Task to complete:
Your reply should be the full listing, copied exactly.

○ ○ ○ ○ ○ ○ ○

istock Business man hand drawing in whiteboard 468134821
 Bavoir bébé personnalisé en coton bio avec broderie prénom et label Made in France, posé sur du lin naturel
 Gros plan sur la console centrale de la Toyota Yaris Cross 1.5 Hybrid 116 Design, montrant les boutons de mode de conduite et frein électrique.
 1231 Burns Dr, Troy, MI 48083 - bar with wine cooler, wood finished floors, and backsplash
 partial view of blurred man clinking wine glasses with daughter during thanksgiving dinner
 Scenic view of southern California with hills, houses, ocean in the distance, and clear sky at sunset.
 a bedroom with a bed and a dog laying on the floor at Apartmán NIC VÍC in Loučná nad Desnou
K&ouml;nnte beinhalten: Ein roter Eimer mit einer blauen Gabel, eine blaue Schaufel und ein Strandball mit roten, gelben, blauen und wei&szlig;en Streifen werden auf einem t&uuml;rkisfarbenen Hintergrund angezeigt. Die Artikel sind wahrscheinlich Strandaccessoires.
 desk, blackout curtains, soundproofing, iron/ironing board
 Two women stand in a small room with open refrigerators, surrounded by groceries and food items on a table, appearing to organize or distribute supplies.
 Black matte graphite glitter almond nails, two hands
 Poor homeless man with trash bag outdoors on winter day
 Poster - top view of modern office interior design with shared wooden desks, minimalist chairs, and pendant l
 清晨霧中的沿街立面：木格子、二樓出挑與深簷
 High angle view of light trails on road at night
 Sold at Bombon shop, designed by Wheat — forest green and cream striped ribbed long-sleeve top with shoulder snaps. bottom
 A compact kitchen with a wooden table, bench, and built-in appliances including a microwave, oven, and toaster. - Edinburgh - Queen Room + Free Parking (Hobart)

○ ○ ○ ○ ○ ○ ○

Exercise answer:
istock Business man hand drawing in whiteboard 468134821
 Bavoir bébé personnalisé en coton bio avec broderie prénom et label Made in France, posé sur du lin naturel
 Gros plan sur la console centrale de la Toyota Yaris Cross 1.5 Hybrid 116 Design, montrant les boutons de mode de conduite et frein électrique.
 1231 Burns Dr, Troy, MI 48083 - bar with wine cooler, wood finished floors, and backsplash
 partial view of blurred man clinking wine glasses with daughter during thanksgiving dinner
 Scenic view of southern California with hills, houses, ocean in the distance, and clear sky at sunset.
 a bedroom with a bed and a dog laying on the floor at Apartmán NIC VÍC in Loučná nad Desnou
K&ouml;nnte beinhalten: Ein roter Eimer mit einer blauen Gabel, eine blaue Schaufel und ein Strandball mit roten, gelben, blauen und wei&szlig;en Streifen werden auf einem t&uuml;rkisfarbenen Hintergrund angezeigt. Die Artikel sind wahrscheinlich Strandaccessoires.
 desk, blackout curtains, soundproofing, iron/ironing board
 Two women stand in a small room with open refrigerators, surrounded by groceries and food items on a table, appearing to organize or distribute supplies.
 Black matte graphite glitter almond nails, two hands
 Poor homeless man with trash bag outdoors on winter day
 Poster - top view of modern office interior design with shared wooden desks, minimalist chairs, and pendant l
 清晨霧中的沿街立面：木格子、二樓出挑與深簷
 High angle view of light trails on road at night
 Sold at Bombon shop, designed by Wheat — forest green and cream striped ribbed long-sleeve top with shoulder snaps. bottom
 A compact kitchen with a wooden table, bench, and built-in appliances including a microwave, oven, and toaster. - Edinburgh - Queen Room + Free Parking (Hobart)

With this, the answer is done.